The Pascals have it all, money, beautiful home, affluent lifestyle, and the perfect little family, that is until their daughter disappears one night without a trace. when she suddenly returns a year dirty, and unsure of where she has been you assume the worst is behind the family now, but the truth is much stranger then you may expect. She begins to have violent flashbacks and nightmares as the days wear on, seeing strange figures that seem to disappear. Her mother becomes agitated at her lack of effort in trying to pick up the pieces, while her father struggles with alcohol and work. Maybe all isn't as rosy as they want you to believe in the Pascal House?!
This is one of those films that tears me a bit, on one hand it offers something unique which is hard to find in proliferation these days, but on another hand it felt like it was lacking something to me. I will do my best to break it down for you with out giving away too much info, because the less you know about this one going in the more you will enjoy the great things it does offer.
First off this is a cerebral film meaning its story and character driven rather than action or effects driven. Its a film that will have you thinking, trying to put the pieces together as you watch, for some that is a negative. I however, enjoy thought provoking films as much as I enjoy mindless slashers, just depends on the mood of the day so I didn't mind the slower pace of this one. The story is well written, feeling like one thing going in, and then subtly changing over the course of the film to something entirely different. That is one of the things that is really successful about this indie flick. Another in the good category is the performances, some are better than other of course but they all pull you in and make you empathize and or despise the characters involved often going back and forth between the two. There are some great subtleties to the film as well, in effects, lighting and story that make you want to stay tuned in, and make True Nature visually a well crafted film.

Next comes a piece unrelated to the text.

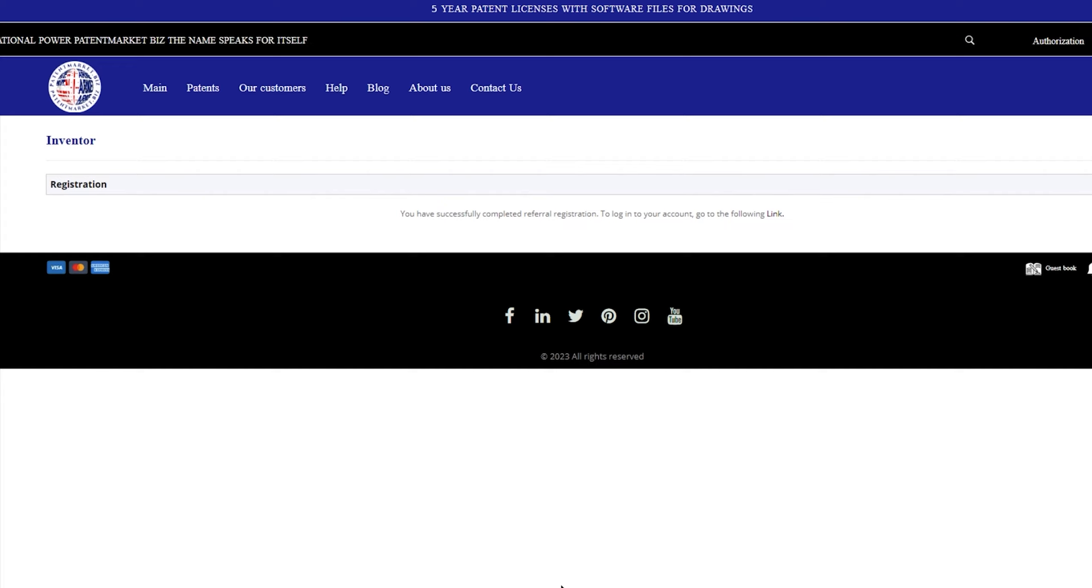The invention will be uploaded on the site for a period of one year. After the invention is sold, the site keeps 15% of the patent cost.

One the down side, first off the ending is very abrupt which leaves you wondering some basic questions that you really want answered. It felt like this one needed about fifteen minutes or so to bring it to a conclusion that made more sense. That is by far the biggest complaint I have about this one, other than that I caught the twists a bit faster than Im sure some will, but that fault is more of a personal one based on my vast experience watching every kind of horror film I could get my hands on for more than 30 years lol! True Nature did offer a few surprises though, and I know many will be caught off guard by the curves this one throws.
All in all its not a bad film, and if you are a fan of indie horror, this is definitely worth a watch. Hell honestly I kind of like it, and will probably watch it again in the future to see if my perspective grows more a bit more one way or the other. I think True Nature will really appeal to some, it definitely has something unique and interesting that it offers, it just won't be in my collection anytime soon.